Is Tony Romo Done as an Elite Player?
As an analyst, if not a football fan, my fear is that Tony Romo is never going to be remembered as a good quarterback. Of course, if you look at the best passing seasons in Dallas Cowboys history, there’s a lot of Roger Staubach and Troy Aikman at the top of the list. And there’s just not that much doubt that Tony Romo and Don Meredith are neck and neck as the third best quarterback in the history of the franchise. Era adjusted metrics agree that Tony Romo had four of the strongest quarterback seasons in Cowboys history from 2006-2009. And he was on that pace again in 2010 before a fractured collarbone ended his season.
The rise of Ben Roethlisberger and Aaron Rodgers to the game’s most elite level of performance over the last two years has combined with the aforementioned injury to hurt Tony Romo in the eyes of the fan. He’s no longer believed to be a top five NFL quarterback despite no meaningful drop in his production at any point. He’s just been passed by the players who have enjoyed playoff success as well as regular season success in 2009 and 2010. Romo’s the same, top-tier player he has always been.

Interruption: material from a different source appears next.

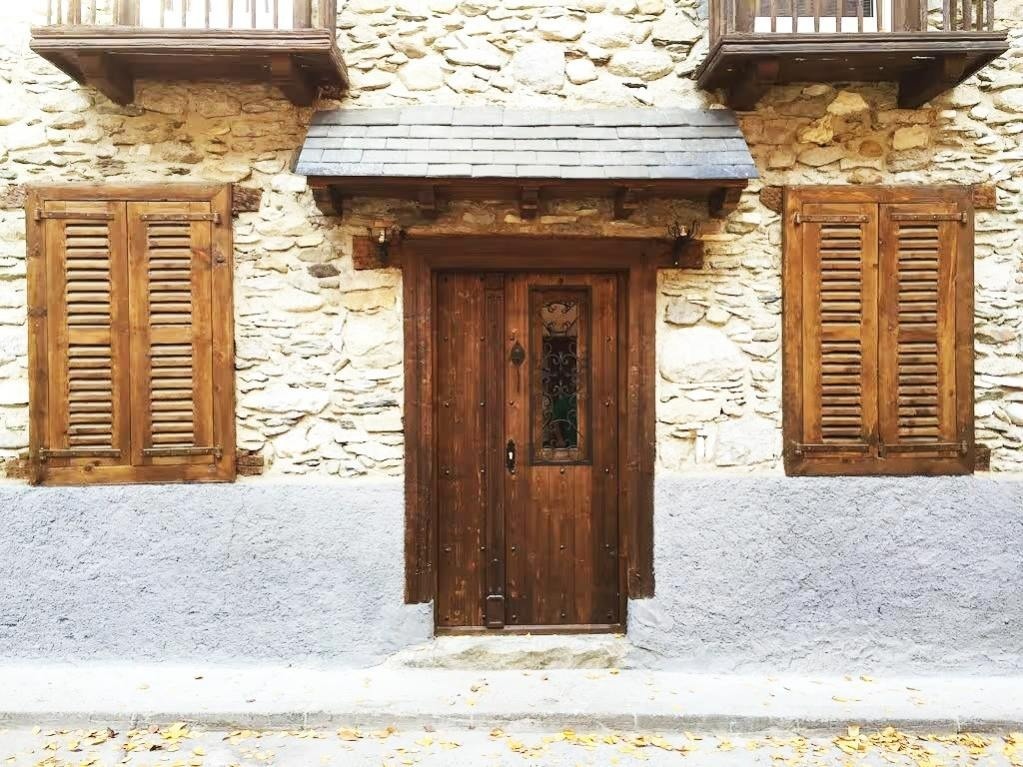 una puerta de madera y dos ventanas en una pared de piedra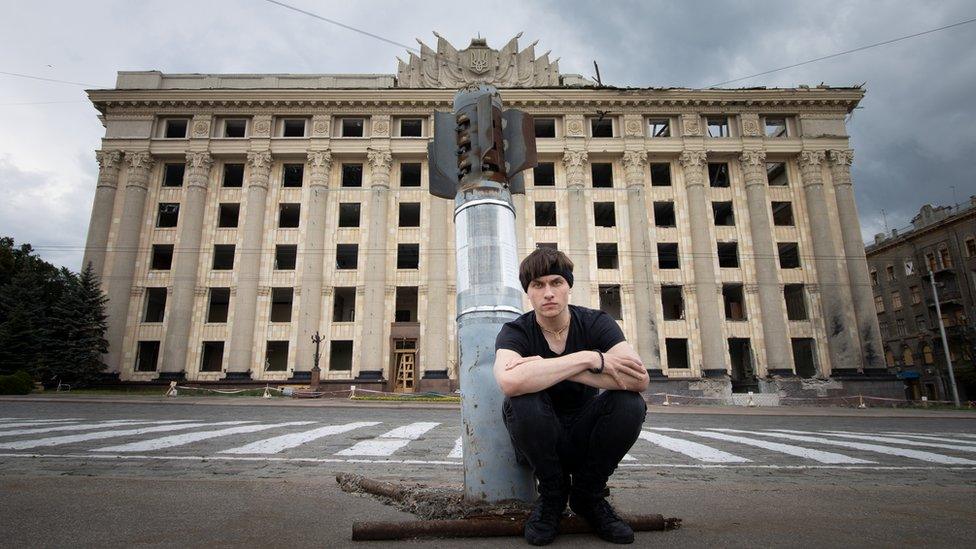 Oleksii with an unexploded bomb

Or is he? The numbers say: of course he is. But Romo’s injury is responsible for obscuring the fact that he was 30 years old in 2010. And while it’s undeniable that good players often have great quarterback seasons after the age of 30, the trend for players who excel between ages 26 and 30 is usually downward and can be quite sharp.

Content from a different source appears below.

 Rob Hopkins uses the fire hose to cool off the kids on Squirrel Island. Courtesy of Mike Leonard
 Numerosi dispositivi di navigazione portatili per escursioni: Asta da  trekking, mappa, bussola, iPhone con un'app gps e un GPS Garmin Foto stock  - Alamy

Many of the players most similar to Tony Romo are in the hall of fame or will be in the hall of fame, but it was because of accomplishments in their age 25 to 29 seasons much moreso than anything they did after that. Take perhaps the most similar player to Tony Romo, Boomer Esiason. Boomer was an elite performer for the late 80’s Bengals. By the time he reached his 30’s, he was largely unwanted by the Bengals and was sent to the Jets for a third round pick. Boomer continued to pile up accomplishments throughout the 90’s, but he only had one above average, pro-bowl season after leaving Cincinnati the first time. I do not think Tony Romo is a bad season away from getting traded from the Cowboys, but it couldn’t be considered surprising if Tony Romo only had one more NFC pro bowl season in him, though plenty more personal accomplishments. Boomer Esiason isn’t in the hall of fame, but his overall body of work is on par with guys who are in the hall, and that’s why I like him as such a good comparable for Romo.

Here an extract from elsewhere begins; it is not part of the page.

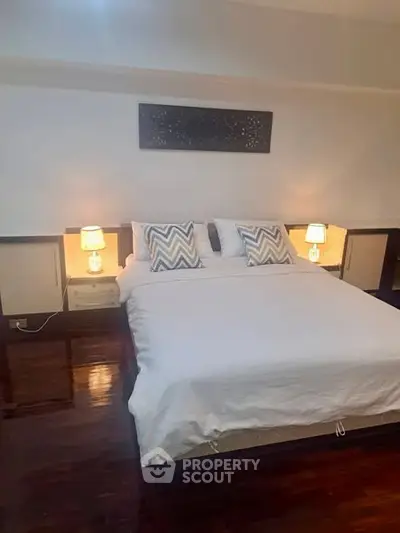 Elegant bedroom with cozy lighting and stylish decor, perfect for relaxation and comfort.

Another guy on the Tony Romo comparable list is Brett Favre, who had already put together a nice hall of fame resume before the age of 30. Favre, however, tacked on another ten years to his NFL career beyond that. And unlike the late career resurgence of guys like Fran Tarkenton and others like him, this wasn’t anything close to a second hall of fame career tacked on to a hall of fame career. Favre was elected to six pro bowls between ages 30 and 40, but was elected a lot based on reputation. Favre was in decline from 2002 through 2006, and did happen to put together two nice seasons at the end of his career, but the fact that Favre was never really a legitimate MVP candidate after a strong 2001 is often obscured by the awards heaped on him during that timeframe.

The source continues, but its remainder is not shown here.